Account provisioning is the process of creating, updating, and disabling user or service accounts and assigning the right access to them.
Account provisioning is the process of creating, updating, and disabling accounts while assigning the right access to them. In plain language, it is how an organization gives people and services the identities and permissions they need, then changes or removes that access as circumstances change.
Provisioning matters because access mistakes often begin at account creation. If a new user receives the wrong role, a service gets excessive privilege, or an old account is never removed, that exposure can persist quietly for a long time.
It also matters because consistent provisioning is what lets identity teams scale. Without a defined workflow, access becomes a collection of ad hoc exceptions that are hard to review, audit, or clean up later.
Account provisioning appears in HR-driven onboarding, SaaS administration, cloud tenant access, service identity creation, and SCIM integrations. Teams connect it to Identity Lifecycle, Access Review, and Least Privilege Access.

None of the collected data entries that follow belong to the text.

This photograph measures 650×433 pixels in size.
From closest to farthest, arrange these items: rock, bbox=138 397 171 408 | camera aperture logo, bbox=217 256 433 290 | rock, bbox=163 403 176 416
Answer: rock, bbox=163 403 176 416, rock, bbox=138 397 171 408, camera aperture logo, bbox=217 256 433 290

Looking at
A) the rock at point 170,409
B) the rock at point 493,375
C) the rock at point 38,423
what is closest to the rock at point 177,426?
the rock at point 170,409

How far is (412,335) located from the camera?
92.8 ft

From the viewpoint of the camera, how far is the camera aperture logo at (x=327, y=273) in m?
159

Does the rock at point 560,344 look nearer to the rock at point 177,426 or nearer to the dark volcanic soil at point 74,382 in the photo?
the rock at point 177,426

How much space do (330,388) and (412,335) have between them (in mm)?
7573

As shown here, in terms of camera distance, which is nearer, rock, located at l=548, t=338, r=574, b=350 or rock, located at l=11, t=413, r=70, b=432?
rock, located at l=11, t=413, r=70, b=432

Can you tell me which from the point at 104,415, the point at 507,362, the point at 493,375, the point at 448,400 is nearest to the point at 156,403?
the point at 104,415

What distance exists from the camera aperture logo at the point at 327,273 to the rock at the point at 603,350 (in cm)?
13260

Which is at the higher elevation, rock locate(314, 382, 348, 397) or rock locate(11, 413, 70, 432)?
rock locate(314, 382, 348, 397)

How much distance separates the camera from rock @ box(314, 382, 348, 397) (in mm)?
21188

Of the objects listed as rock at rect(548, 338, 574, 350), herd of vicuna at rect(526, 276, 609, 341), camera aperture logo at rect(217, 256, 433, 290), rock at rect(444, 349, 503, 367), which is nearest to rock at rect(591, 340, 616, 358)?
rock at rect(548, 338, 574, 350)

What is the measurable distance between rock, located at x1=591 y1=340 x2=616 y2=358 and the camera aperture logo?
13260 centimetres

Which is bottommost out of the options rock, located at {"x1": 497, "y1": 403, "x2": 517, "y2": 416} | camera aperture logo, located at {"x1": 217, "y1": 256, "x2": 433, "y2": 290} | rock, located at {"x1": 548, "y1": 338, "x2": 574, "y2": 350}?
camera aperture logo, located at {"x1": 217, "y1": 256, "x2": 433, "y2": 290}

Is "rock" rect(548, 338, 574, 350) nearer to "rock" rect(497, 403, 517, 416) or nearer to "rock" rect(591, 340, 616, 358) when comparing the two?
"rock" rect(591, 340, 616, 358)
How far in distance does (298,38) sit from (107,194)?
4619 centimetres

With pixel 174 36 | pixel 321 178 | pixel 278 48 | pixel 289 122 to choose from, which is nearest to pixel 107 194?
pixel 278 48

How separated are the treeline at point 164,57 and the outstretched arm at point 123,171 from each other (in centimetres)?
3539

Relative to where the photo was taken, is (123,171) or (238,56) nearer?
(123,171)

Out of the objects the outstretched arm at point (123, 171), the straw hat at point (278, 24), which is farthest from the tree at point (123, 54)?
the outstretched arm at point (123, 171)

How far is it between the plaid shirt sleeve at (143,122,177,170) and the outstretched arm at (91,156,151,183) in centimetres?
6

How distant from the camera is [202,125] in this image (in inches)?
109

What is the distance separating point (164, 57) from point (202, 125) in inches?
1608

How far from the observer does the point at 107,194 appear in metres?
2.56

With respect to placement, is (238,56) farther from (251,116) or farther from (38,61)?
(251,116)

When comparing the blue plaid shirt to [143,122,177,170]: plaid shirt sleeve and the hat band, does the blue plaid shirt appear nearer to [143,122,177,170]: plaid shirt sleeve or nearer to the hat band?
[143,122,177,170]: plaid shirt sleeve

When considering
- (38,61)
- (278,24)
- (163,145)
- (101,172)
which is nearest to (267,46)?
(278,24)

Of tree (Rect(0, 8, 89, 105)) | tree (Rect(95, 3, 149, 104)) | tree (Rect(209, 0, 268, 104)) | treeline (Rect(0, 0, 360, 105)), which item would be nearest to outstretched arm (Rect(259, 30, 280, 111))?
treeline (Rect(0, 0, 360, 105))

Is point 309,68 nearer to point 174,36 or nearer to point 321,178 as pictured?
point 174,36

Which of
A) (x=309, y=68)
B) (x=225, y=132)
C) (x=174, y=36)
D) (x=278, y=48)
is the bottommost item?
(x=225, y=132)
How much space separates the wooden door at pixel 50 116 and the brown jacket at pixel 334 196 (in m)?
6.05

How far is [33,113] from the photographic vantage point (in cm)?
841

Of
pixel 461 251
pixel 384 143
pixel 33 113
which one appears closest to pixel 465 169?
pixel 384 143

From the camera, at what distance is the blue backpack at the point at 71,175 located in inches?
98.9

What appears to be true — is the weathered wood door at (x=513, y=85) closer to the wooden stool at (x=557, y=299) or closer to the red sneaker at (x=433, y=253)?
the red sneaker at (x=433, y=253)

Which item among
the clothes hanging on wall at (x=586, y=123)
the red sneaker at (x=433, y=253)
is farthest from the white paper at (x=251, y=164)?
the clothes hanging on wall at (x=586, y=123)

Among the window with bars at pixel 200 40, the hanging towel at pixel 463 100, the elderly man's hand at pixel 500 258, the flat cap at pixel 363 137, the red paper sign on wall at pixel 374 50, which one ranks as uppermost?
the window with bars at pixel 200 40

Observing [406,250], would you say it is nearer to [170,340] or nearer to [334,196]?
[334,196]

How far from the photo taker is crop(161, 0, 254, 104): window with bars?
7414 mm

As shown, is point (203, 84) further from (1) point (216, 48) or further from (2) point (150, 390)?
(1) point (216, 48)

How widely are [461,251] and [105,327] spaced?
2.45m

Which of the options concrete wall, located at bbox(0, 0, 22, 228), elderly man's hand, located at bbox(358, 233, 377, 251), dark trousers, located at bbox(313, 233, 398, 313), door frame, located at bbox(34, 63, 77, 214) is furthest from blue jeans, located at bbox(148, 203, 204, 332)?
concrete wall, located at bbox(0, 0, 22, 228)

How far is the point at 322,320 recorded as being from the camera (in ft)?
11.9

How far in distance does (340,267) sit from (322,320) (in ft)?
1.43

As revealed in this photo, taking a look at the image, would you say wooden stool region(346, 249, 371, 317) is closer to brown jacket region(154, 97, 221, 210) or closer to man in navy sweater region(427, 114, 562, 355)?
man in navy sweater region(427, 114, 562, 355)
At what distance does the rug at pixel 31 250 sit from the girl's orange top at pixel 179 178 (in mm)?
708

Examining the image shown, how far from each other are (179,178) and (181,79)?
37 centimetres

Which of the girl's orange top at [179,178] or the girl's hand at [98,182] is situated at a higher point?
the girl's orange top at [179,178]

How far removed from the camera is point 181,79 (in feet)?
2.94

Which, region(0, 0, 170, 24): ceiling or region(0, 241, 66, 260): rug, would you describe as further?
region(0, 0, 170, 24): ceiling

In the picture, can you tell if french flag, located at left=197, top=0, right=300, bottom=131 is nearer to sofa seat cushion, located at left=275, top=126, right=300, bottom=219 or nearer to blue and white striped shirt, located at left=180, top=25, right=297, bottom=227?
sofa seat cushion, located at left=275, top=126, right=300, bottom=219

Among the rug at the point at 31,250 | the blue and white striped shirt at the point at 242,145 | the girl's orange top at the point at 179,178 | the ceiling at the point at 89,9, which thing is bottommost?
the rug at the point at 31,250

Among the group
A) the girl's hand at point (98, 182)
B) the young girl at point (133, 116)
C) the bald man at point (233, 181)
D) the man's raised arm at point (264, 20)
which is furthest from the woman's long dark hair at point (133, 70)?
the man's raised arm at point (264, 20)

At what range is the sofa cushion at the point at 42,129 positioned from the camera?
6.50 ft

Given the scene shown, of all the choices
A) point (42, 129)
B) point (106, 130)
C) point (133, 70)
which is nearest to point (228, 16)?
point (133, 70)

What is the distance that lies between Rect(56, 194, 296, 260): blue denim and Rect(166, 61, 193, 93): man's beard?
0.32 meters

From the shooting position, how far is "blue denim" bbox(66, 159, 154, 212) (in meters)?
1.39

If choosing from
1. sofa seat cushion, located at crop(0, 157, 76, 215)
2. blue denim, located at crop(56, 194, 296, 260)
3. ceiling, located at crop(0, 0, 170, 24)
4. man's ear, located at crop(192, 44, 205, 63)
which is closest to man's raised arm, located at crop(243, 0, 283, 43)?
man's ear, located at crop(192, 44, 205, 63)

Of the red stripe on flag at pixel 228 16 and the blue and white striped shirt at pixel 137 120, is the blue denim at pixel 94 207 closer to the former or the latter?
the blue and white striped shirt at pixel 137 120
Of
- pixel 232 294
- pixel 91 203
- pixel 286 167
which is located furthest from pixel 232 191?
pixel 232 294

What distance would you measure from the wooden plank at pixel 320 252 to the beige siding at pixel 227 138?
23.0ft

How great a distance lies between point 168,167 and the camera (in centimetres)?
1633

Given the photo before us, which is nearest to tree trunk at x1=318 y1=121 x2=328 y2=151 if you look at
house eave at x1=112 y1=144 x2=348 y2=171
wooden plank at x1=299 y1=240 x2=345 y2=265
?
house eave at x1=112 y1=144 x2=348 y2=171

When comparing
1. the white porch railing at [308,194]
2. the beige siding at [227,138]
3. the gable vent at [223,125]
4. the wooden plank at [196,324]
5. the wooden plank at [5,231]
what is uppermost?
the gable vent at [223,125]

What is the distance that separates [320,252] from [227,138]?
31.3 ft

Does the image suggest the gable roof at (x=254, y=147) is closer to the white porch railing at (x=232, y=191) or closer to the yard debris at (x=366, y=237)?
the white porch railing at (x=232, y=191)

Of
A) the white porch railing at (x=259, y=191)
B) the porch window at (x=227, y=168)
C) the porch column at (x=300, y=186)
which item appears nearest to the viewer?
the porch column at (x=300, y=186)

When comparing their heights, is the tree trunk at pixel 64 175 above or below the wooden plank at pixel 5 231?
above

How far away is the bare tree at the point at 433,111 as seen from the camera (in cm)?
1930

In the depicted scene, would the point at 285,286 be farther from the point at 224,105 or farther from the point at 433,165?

It is especially important in joiner, mover, and leaver workflows because access should not stay frozen while a person’s job, team, or relationship to the company changes.

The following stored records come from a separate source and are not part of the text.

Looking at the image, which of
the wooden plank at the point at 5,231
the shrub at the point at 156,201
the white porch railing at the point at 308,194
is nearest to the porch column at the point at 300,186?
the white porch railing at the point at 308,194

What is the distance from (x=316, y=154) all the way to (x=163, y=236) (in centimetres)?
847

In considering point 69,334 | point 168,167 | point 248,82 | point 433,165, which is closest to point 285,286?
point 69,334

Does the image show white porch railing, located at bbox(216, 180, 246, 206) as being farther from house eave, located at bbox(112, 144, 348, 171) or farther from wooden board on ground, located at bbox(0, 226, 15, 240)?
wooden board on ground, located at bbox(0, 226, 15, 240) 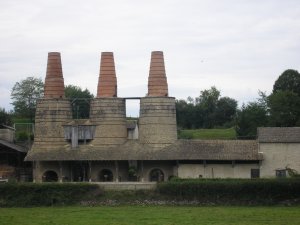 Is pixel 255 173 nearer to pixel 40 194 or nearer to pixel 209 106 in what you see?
pixel 40 194

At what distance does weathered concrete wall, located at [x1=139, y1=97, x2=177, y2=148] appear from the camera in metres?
52.6

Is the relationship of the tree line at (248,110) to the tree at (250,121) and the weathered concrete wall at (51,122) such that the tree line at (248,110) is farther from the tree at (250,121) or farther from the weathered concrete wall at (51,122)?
the weathered concrete wall at (51,122)

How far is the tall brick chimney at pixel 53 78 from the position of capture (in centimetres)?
5481

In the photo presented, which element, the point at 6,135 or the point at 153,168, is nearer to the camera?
the point at 153,168

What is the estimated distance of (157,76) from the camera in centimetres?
5356

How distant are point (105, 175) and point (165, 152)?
5651 millimetres

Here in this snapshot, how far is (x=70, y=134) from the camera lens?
54.2m

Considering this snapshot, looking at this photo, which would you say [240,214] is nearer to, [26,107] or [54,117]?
[54,117]

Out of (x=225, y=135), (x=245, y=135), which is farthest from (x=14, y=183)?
(x=225, y=135)

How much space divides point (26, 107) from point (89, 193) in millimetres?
49005

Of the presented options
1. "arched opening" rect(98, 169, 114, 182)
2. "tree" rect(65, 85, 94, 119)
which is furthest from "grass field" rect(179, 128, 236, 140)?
"arched opening" rect(98, 169, 114, 182)

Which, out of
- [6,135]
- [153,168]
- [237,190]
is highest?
[6,135]

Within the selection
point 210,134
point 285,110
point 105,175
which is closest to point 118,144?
point 105,175

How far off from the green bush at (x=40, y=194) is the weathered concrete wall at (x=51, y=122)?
37.5 feet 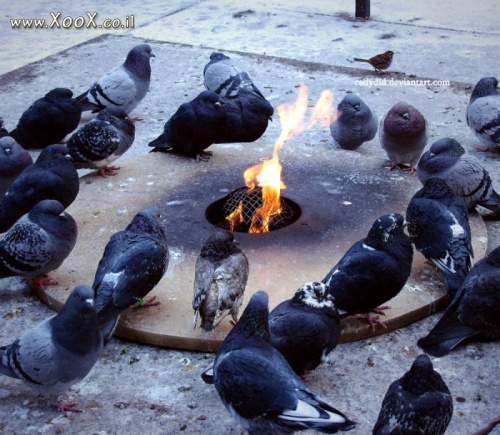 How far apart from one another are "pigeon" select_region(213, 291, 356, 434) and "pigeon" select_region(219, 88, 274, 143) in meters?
3.94

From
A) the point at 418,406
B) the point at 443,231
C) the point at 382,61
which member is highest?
the point at 418,406

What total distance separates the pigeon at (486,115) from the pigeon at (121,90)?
156 inches

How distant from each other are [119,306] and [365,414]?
1.74 m

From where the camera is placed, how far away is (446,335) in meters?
5.20

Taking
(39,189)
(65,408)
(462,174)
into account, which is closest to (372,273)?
(462,174)

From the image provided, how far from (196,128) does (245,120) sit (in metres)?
0.77

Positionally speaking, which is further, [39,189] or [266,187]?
[266,187]

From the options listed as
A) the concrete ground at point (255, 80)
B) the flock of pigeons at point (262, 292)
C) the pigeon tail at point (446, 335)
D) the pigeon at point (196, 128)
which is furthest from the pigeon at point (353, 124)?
the pigeon tail at point (446, 335)

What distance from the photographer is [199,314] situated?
17.3 feet

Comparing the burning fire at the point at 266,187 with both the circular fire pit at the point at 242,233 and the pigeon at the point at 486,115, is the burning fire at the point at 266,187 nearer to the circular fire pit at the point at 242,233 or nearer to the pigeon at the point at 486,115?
the circular fire pit at the point at 242,233

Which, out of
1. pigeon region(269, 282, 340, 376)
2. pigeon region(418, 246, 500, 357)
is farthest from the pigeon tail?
pigeon region(269, 282, 340, 376)

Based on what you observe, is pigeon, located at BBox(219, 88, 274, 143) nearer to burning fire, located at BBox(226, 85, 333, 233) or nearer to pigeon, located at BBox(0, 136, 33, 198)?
burning fire, located at BBox(226, 85, 333, 233)

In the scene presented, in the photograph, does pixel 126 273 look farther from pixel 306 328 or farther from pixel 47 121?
pixel 47 121

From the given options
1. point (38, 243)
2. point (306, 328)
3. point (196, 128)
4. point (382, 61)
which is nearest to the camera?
point (306, 328)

| Event | Security question | Example action |
|---|---|---|
| Joiner | What should exist on day one? | Create the identity and assign only baseline access |
| Mover | What should change with the role? | Remove old privileges and grant the new minimum set |
| Leaver | What must end immediately? | Disable accounts, revoke sessions, and transfer ownership |
| Service onboarding | What should the workload really reach? | Create a tightly scoped non-human identity |
A new developer joins the engineering team. The identity platform creates a workforce account, grants source-control and ticketing access, and leaves production administrator rights unassigned until there is a separate approved operational need.
Account provisioning is not the same as Authentication. Authentication verifies identity during sign-in, while provisioning defines which identities and permissions should exist before sign-in occurs.
It is also different from Access Review. Provisioning grants or changes access; access review checks later whether that access is still justified.
It is also broader than SCIM. SCIM can automate provisioning, but the harder question is still which accounts, roles, and entitlements should be created in the first place.